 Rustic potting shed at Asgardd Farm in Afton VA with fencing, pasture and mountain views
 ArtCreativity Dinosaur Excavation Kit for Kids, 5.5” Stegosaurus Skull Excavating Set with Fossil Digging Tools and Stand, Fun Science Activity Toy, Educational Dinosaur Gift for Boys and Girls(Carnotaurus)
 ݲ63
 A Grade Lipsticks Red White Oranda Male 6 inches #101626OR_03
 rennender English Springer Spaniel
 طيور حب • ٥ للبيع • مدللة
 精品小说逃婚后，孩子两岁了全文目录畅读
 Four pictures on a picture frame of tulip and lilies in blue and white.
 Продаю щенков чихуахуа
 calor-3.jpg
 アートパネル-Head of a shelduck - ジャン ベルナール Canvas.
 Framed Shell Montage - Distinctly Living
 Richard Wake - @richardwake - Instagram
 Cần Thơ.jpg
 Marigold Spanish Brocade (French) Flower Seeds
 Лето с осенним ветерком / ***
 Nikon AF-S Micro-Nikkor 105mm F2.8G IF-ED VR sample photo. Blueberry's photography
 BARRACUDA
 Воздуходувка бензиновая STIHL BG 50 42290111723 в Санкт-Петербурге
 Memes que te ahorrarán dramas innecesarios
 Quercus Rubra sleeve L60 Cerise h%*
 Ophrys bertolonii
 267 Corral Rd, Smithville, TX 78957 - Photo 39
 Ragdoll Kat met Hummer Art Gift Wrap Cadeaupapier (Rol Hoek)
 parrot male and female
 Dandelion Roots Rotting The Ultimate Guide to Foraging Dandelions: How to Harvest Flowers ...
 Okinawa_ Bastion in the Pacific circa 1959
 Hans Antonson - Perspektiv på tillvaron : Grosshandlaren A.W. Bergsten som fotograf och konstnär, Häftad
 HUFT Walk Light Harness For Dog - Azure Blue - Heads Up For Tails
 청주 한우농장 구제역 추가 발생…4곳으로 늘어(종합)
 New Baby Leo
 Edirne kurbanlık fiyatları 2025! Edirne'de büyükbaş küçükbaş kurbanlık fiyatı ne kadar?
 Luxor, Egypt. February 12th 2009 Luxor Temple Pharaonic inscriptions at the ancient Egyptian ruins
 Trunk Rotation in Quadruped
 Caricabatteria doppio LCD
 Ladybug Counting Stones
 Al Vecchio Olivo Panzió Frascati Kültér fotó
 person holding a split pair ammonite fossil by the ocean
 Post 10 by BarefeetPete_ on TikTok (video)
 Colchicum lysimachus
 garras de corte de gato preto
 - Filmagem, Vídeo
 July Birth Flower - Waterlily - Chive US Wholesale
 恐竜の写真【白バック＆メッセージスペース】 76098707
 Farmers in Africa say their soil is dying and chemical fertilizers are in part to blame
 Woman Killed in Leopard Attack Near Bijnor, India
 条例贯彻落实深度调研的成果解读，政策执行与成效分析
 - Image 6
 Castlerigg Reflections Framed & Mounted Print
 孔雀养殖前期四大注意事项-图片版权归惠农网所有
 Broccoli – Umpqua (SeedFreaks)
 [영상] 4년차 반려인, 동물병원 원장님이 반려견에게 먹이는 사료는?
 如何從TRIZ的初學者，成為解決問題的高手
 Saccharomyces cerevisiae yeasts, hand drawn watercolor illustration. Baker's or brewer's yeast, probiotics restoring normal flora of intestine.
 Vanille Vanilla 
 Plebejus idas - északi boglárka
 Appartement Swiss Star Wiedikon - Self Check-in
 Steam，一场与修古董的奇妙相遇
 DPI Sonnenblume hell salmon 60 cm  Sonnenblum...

ACTION ITEM.
Repeat exactly the lines above from the one with "Продаю щенков чихуахуа" up to and including the one with "Лето с осенним ветерком / ***". No other line belongs in the reply.

RESULT OF THE EXERCISE.
 Продаю щенков чихуахуа
 calor-3.jpg
 アートパネル-Head of a shelduck - ジャン ベルナール Canvas.
 Framed Shell Montage - Distinctly Living
 Richard Wake - @richardwake - Instagram
 Cần Thơ.jpg
 Marigold Spanish Brocade (French) Flower Seeds
 Лето с осенним ветерком / ***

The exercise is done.